There is plenty of non-institutional money to be had - and you don't need much of it - to help start a Web 2.0 business. The angel world is also still awash with pre-Crunch bonus money and the likes of ex-Googlers cashing in their options to do help Facebook or do their own thang. Seedcamp is happening again, and (the ironically named) Techcrunch is alive with plenty of news, even from Europe. Remember, too, that venture funding is not required to build any of the infrastructure necessary for Web 2.0 businesses to flourish. The big corporates in the internet game have taken on that job, and are still investing heavily to create the bandwidth and computing capacity on which low cost, web development start-ups like Ooyala are feeding greedily.

Seems to me that September is going to see a whole new tidal wave of innovative business launches - so it's gonna be a pretty intense summer for some!

Saturday, 17 November 2007

The Price of "Free" Software

The recent Open Source Summit, alerted me to the fact that perhaps relatively few business people realise the commercial implications of relying on open source software.

A glance at the excellent programme shows why this should come as no surprise: there's an awful lot to get your head around just to understand what open source software is in the first place.

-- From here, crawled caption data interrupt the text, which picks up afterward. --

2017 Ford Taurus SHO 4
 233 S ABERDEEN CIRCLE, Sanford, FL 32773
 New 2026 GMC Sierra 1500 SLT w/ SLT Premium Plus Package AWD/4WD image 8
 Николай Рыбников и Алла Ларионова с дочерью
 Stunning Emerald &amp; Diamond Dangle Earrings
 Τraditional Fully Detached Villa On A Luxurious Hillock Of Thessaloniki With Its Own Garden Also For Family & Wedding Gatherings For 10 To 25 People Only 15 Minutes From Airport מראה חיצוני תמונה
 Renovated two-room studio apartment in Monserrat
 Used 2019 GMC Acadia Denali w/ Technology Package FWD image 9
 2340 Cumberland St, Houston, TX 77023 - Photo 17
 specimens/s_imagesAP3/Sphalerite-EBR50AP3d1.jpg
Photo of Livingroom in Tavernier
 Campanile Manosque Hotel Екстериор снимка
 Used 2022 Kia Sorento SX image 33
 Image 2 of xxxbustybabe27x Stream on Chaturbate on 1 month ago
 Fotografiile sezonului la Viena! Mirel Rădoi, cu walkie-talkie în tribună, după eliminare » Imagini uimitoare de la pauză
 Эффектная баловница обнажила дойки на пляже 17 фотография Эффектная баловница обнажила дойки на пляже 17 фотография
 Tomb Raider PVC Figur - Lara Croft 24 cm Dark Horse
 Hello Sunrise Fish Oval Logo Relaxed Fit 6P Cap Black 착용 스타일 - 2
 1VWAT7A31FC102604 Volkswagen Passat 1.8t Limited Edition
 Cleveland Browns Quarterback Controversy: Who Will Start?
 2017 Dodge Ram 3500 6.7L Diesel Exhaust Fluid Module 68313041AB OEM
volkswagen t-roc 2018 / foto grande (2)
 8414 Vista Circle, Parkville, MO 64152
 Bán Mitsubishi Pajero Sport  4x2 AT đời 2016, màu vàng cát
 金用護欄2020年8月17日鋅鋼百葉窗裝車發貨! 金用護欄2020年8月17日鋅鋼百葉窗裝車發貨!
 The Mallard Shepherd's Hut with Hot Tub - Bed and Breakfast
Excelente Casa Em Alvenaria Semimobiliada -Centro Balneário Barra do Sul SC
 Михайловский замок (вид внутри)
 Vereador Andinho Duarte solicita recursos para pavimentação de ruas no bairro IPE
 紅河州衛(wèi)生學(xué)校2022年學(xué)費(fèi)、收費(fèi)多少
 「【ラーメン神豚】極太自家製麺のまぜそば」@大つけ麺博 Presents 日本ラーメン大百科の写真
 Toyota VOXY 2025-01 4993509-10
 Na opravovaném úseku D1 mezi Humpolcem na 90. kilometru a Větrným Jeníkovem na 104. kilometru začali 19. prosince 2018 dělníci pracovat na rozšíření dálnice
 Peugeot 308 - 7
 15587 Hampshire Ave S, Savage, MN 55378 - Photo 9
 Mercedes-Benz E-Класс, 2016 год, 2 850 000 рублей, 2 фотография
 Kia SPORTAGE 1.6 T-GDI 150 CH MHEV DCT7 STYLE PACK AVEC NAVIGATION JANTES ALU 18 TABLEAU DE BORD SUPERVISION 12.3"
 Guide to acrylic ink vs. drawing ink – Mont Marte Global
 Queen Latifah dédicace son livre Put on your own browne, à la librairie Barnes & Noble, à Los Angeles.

But, let’s not lose sight of the wood for all the trees (the history and philosophical debate between the Open Source Initiative and the Free Software Foundation, the vast array of licences and nor the complexities of GPL2 vs GPL3 and AGPL3).

The fact is that software developers can easily import any computer code via the Internet without fully understanding the licence obligations. What seems "free" code can actually come with an obligation to licence the source code for you proprietary product to the world, free of charge.

So, as Kat McCabe of Black Duck explained, sophisticated buyers of businesses are now requiring an audit of the source code for the target's IT systems and products in an attempt to exploit the target's inadvertent use of open source software, and reduce the price for acquiring the business. Overseeing that due diligence is Jim Markwith's legal role at Microsoft. And it explains the incredible degree of licensing rigour imposed on Nokia's open source programme by Dietmar Tallroth.

This is not an argument against using open source software. But anyone with an eye on the value of their business ought to get a handle on how their developers are operating and consider regular audits of their source code.